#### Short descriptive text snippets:
········
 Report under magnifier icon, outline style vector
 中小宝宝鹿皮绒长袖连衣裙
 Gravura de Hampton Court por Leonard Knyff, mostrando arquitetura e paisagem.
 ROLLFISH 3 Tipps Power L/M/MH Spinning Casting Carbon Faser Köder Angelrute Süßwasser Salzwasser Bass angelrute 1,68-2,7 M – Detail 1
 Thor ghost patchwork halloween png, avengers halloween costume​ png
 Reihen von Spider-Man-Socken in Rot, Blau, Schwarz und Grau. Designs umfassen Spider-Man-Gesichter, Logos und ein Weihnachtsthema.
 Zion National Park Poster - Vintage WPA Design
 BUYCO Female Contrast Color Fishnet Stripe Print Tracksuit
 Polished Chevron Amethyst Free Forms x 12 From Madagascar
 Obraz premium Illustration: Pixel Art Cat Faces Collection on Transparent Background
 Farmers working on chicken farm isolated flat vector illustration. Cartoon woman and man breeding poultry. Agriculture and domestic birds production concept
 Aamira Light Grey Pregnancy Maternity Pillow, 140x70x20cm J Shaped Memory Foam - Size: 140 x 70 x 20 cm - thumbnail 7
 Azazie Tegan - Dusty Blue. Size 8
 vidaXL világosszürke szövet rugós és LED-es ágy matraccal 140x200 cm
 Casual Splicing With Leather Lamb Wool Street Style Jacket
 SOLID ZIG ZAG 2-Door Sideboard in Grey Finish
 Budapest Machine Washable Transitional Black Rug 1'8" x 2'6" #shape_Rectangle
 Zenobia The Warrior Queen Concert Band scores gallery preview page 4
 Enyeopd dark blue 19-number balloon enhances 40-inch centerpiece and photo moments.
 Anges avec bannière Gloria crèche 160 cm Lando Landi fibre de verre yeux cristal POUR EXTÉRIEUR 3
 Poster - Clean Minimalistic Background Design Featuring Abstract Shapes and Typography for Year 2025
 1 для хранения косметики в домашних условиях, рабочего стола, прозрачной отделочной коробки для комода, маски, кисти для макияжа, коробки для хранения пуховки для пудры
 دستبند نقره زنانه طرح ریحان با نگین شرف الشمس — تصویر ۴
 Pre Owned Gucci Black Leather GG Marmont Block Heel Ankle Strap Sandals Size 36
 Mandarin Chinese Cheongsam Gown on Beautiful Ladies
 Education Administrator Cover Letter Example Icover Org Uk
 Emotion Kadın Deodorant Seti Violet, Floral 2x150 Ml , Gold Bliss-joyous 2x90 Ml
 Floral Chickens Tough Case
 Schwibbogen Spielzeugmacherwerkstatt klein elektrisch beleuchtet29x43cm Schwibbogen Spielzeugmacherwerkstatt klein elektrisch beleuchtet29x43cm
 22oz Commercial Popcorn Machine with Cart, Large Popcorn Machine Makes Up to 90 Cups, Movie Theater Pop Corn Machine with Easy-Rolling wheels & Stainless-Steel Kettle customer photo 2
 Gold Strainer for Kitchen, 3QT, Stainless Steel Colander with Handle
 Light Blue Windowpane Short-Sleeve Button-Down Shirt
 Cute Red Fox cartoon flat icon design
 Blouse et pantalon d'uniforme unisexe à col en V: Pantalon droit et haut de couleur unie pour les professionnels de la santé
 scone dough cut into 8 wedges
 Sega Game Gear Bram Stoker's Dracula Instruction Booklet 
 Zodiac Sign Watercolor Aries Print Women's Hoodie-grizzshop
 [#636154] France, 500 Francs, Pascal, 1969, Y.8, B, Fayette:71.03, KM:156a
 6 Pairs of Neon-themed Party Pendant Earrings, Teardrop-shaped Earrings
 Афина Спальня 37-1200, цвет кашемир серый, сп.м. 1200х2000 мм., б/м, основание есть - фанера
········
#### WHAT YOU HAVE TO DO:
Transcribe the records above in full, exactly as they stand.

#### ANSWER BOX:
 Report under magnifier icon, outline style vector
 中小宝宝鹿皮绒长袖连衣裙
 Gravura de Hampton Court por Leonard Knyff, mostrando arquitetura e paisagem.
 ROLLFISH 3 Tipps Power L/M/MH Spinning Casting Carbon Faser Köder Angelrute Süßwasser Salzwasser Bass angelrute 1,68-2,7 M – Detail 1
 Thor ghost patchwork halloween png, avengers halloween costume​ png
 Reihen von Spider-Man-Socken in Rot, Blau, Schwarz und Grau. Designs umfassen Spider-Man-Gesichter, Logos und ein Weihnachtsthema.
 Zion National Park Poster - Vintage WPA Design
 BUYCO Female Contrast Color Fishnet Stripe Print Tracksuit
 Polished Chevron Amethyst Free Forms x 12 From Madagascar
 Obraz premium Illustration: Pixel Art Cat Faces Collection on Transparent Background
 Farmers working on chicken farm isolated flat vector illustration. Cartoon woman and man breeding poultry. Agriculture and domestic birds production concept
 Aamira Light Grey Pregnancy Maternity Pillow, 140x70x20cm J Shaped Memory Foam - Size: 140 x 70 x 20 cm - thumbnail 7
 Azazie Tegan - Dusty Blue. Size 8
 vidaXL világosszürke szövet rugós és LED-es ágy matraccal 140x200 cm
 Casual Splicing With Leather Lamb Wool Street Style Jacket
 SOLID ZIG ZAG 2-Door Sideboard in Grey Finish
 Budapest Machine Washable Transitional Black Rug 1'8" x 2'6" #shape_Rectangle
 Zenobia The Warrior Queen Concert Band scores gallery preview page 4
 Enyeopd dark blue 19-number balloon enhances 40-inch centerpiece and photo moments.
 Anges avec bannière Gloria crèche 160 cm Lando Landi fibre de verre yeux cristal POUR EXTÉRIEUR 3
 Poster - Clean Minimalistic Background Design Featuring Abstract Shapes and Typography for Year 2025
 1 для хранения косметики в домашних условиях, рабочего стола, прозрачной отделочной коробки для комода, маски, кисти для макияжа, коробки для хранения пуховки для пудры
 دستبند نقره زنانه طرح ریحان با نگین شرف الشمس — تصویر ۴
 Pre Owned Gucci Black Leather GG Marmont Block Heel Ankle Strap Sandals Size 36
 Mandarin Chinese Cheongsam Gown on Beautiful Ladies
 Education Administrator Cover Letter Example Icover Org Uk
 Emotion Kadın Deodorant Seti Violet, Floral 2x150 Ml , Gold Bliss-joyous 2x90 Ml
 Floral Chickens Tough Case
 Schwibbogen Spielzeugmacherwerkstatt klein elektrisch beleuchtet29x43cm Schwibbogen Spielzeugmacherwerkstatt klein elektrisch beleuchtet29x43cm
 22oz Commercial Popcorn Machine with Cart, Large Popcorn Machine Makes Up to 90 Cups, Movie Theater Pop Corn Machine with Easy-Rolling wheels & Stainless-Steel Kettle customer photo 2
 Gold Strainer for Kitchen, 3QT, Stainless Steel Colander with Handle
 Light Blue Windowpane Short-Sleeve Button-Down Shirt
 Cute Red Fox cartoon flat icon design
 Blouse et pantalon d'uniforme unisexe à col en V: Pantalon droit et haut de couleur unie pour les professionnels de la santé
 scone dough cut into 8 wedges
 Sega Game Gear Bram Stoker's Dracula Instruction Booklet 
 Zodiac Sign Watercolor Aries Print Women's Hoodie-grizzshop
 [#636154] France, 500 Francs, Pascal, 1969, Y.8, B, Fayette:71.03, KM:156a
 6 Pairs of Neon-themed Party Pendant Earrings, Teardrop-shaped Earrings
 Афина Спальня 37-1200, цвет кашемир серый, сп.м. 1200х2000 мм., б/м, основание есть - фанера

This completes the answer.